#### Action item
At the line with "辱め❤凌●されながらあなたを想う｜", start copying; carry on through the last line of the material below, exactly as written, and stop there.

------------------------------------

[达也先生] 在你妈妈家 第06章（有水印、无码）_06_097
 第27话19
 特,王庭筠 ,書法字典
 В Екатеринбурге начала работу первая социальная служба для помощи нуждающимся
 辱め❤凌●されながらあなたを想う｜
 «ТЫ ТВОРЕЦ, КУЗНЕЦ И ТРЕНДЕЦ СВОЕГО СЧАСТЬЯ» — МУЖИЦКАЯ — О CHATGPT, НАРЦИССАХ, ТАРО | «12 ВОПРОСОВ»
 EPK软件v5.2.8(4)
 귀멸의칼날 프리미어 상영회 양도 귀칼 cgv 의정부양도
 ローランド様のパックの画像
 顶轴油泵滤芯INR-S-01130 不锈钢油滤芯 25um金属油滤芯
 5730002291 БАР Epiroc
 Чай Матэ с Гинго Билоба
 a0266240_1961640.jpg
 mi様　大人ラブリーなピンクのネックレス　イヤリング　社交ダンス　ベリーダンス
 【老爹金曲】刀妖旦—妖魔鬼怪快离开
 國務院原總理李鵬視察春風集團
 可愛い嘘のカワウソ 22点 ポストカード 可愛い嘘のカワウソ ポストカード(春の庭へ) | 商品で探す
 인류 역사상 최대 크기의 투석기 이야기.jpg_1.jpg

------------------------------------

#### Exercise output
 辱め❤凌●されながらあなたを想う｜
 «ТЫ ТВОРЕЦ, КУЗНЕЦ И ТРЕНДЕЦ СВОЕГО СЧАСТЬЯ» — МУЖИЦКАЯ — О CHATGPT, НАРЦИССАХ, ТАРО | «12 ВОПРОСОВ»
 EPK软件v5.2.8(4)
 귀멸의칼날 프리미어 상영회 양도 귀칼 cgv 의정부양도
 ローランド様のパックの画像
 顶轴油泵滤芯INR-S-01130 不锈钢油滤芯 25um金属油滤芯
 5730002291 БАР Epiroc
 Чай Матэ с Гинго Билоба
 a0266240_1961640.jpg
 mi様　大人ラブリーなピンクのネックレス　イヤリング　社交ダンス　ベリーダンス
 【老爹金曲】刀妖旦—妖魔鬼怪快离开
 國務院原總理李鵬視察春風集團
 可愛い嘘のカワウソ 22点 ポストカード 可愛い嘘のカワウソ ポストカード(春の庭へ) | 商品で探す
 인류 역사상 최대 크기의 투석기 이야기.jpg_1.jpg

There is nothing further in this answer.